Problem description -> Beginning with the line that holds "China Acrylic Jewelry", set down each line of the data below through the very last, exactly as given, and nothing beyond that.

(Web page caption snippets)
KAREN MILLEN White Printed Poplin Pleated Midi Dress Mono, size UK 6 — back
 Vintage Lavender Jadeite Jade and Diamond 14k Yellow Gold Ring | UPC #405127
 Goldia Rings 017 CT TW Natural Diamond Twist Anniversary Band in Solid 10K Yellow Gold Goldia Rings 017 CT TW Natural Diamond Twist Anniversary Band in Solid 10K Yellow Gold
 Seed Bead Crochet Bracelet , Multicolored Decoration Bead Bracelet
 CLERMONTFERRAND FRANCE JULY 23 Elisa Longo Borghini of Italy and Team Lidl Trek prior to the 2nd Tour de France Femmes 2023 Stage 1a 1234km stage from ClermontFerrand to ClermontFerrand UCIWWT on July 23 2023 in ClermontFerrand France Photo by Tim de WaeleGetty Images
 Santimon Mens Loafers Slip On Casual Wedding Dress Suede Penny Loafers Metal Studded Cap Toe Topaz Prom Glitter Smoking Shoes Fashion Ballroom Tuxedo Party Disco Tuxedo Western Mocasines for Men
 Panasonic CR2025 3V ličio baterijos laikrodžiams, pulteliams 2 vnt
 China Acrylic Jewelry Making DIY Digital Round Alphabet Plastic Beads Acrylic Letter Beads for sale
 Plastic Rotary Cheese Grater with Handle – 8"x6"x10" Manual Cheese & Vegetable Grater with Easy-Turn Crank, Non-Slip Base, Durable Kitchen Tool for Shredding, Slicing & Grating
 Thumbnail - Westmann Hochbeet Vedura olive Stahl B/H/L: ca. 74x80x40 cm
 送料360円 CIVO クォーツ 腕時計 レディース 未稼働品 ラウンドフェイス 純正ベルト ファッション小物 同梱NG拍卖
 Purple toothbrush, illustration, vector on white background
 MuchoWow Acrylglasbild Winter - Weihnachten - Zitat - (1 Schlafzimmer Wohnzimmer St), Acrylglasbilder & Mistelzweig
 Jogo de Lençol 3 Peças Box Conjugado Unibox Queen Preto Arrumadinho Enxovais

Response area ->
 China Acrylic Jewelry Making DIY Digital Round Alphabet Plastic Beads Acrylic Letter Beads for sale
 Plastic Rotary Cheese Grater with Handle – 8"x6"x10" Manual Cheese & Vegetable Grater with Easy-Turn Crank, Non-Slip Base, Durable Kitchen Tool for Shredding, Slicing & Grating
 Thumbnail - Westmann Hochbeet Vedura olive Stahl B/H/L: ca. 74x80x40 cm
 送料360円 CIVO クォーツ 腕時計 レディース 未稼働品 ラウンドフェイス 純正ベルト ファッション小物 同梱NG拍卖
 Purple toothbrush, illustration, vector on white background
 MuchoWow Acrylglasbild Winter - Weihnachten - Zitat - (1 Schlafzimmer Wohnzimmer St), Acrylglasbilder & Mistelzweig
 Jogo de Lençol 3 Peças Box Conjugado Unibox Queen Preto Arrumadinho Enxovais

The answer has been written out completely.